Wineries Threaten to Replace Striking Workers Permanently
In the latest escalation of the 6-week-old California wine strike, a spokesman for the wine makers announced Monday that management would “permanently replace” about 2,200 striking employees unless they report back to work within a week.
This latest development in the bitter battle between the 12-member Winery Employers Assn. and the Distillery, Wine and Allied Workers Union followed labor calls over the weekend for a national consumer boycott against the wineries. These wineries produce half of California’s wine, and include Gallo, the world’s largest wine maker.

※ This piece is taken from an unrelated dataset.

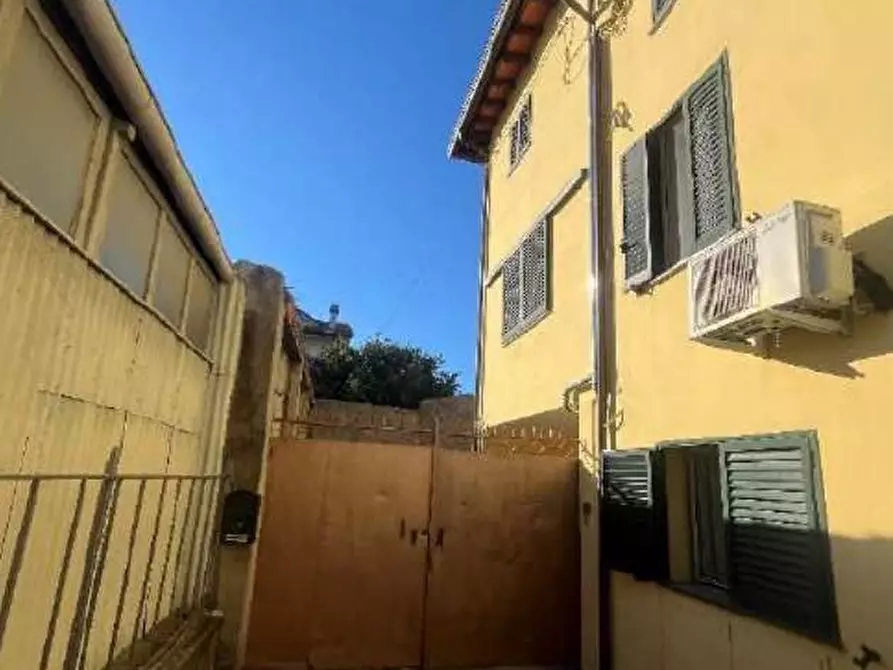 appartamento in vendita a Massarosa in zona Quiesa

Robert Lieber, attorney for the employers association, termed the boycott “a new level of industrial combat,” saying the strike was no longer “a conventional labor dispute, but nuclear war.” He said he was informing federal mediators that the association would not return to the bargaining table “for the foreseeable future.”
Robert Fogg, union spokesman and president of Local 186, said he was not surprised at the employer’s “severe threat” to replace striking workers, and he vowed to continue the boycott. He said he might file a complaint with the National Labor Relations Board.
Workers Monday were on picket lines from Napa Valley to Bakersfield. The union said 98 members have crossed the picket lines.
The struck wineries include Christian Brothers, Charles Krug, Franzia, Almaden, Vie-Del, Bronco, Lamont, Gibson and Fromm & Sichel as well as Gallo.